Kategoriler

12 Ocak 2022 Çarşamba

9 yaşın..


 "sabah 08.20de öldü oğlum, biz babasıyla 20m. ötedeki yoğun bakım kapısının arkasında nefessiz beklerken. sonrası biraz muallak, net hatırlayamıyorum kim sordu, saat kaçtı? ablam olabilir? "hayııır nolur gömmeyin bebeğimiii" diye ağladığımı hatırlıyorum. gömmediler o gün ben hazır değilmişim diye. sonrası... pamuklara sardığım bebeğimi ertesi gün "öğle namazını müteakip" toprağa gömüp geldim. burası daha çok laf kaldırır benim için, dağ var içimde anlatabilsem eğer. ama hala o zamanki caresizliğimi hatırladıkça korkudan titrerim, insanoğlu ne kadar çaresiz olabiliyor, bilirim. bir gün önce düzgün tutamazlar diye kimsenin kucağına vermek istemediğin bebeğini ertesi gün alıp toprağa gömüyorlar, ağzını acamıyorsun."

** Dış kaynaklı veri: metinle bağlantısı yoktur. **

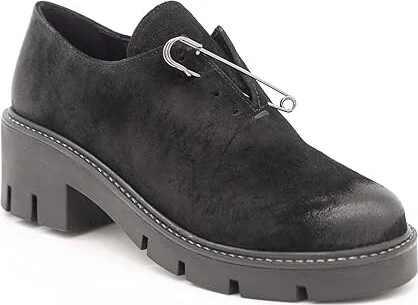 GOLO Clash Women's Shoes Black Suede : 9 M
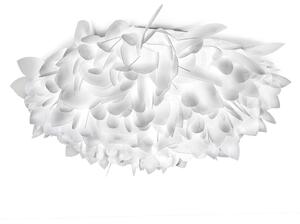 Nástěnná Svítidla Slamp, Veli, stmívatelné, Bílá, Obývací pokoj, Plast, Design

Dün yazmaya başladım, buraya kadar yazmış bırakmışım.

Sıkıldığımdan değil devam edemediğimden.

Doğum günü yazısı olmadı bu sefer biliyorum ölüm günü için sanki bu. Gülücüklü, sevinçli olmalıydı halbuki.

Yazamadığımdan değil gülemediğimden.

Acı olan da bu ya "doğum günü"ne hepimiz alışkınız da insanın çocuğunun "ölüm günü" olması cok zor. 

9 yaşında olacakmışsın ölmeseydin. Hayal bile edemiyorum artık o yaşlarını, o kadar uzak ki.

Alıştığımdan değil bilemediğimden.

Bilmiyorum, nasıl hayal edeyim 9 yaşındaki Asil Miran'ı. Seni bebek bildim ben oğlum, büyütemedim ki...

Orda büyümek var mı acaba? Cennette çocuklar büyür mü? Kaç yaşındasın orda acaba ve hatırlıyor musun beni? Tanıyacak mısın anneni yıllar yıllar sonra. Yaşlanıyor, değişiyorum çünkü, bıraktığın gibi değilim. Hayat devam ediyor, yaşıyorum senden sonra.

Unuttuğumdan değil ölemediğimden.

İyi ki doğmuşsun Asil Miran, iyi ki bizim oğlumuz olmuşsun.

Pastanı kestik yine.

Mumlara çok sevdiğin abin ve hiç tanımadığın kardeşin üfledi senin yerine...

Devamı --> »

13 Ekim 2021 Çarşamba


Meğer ne çok benziyoruz onlara, meğer ne cok benziyorlar bize... Yapraklar da zamansız ölüyormuş bazen demek ki, az önce idrak ettim. Hani sonbahar gelir, yapraklar sırayla önce sararır sonra kurur ve düşer biliriz, öğretiliriz ya. Hep öyle olmuyormuş, gördüm.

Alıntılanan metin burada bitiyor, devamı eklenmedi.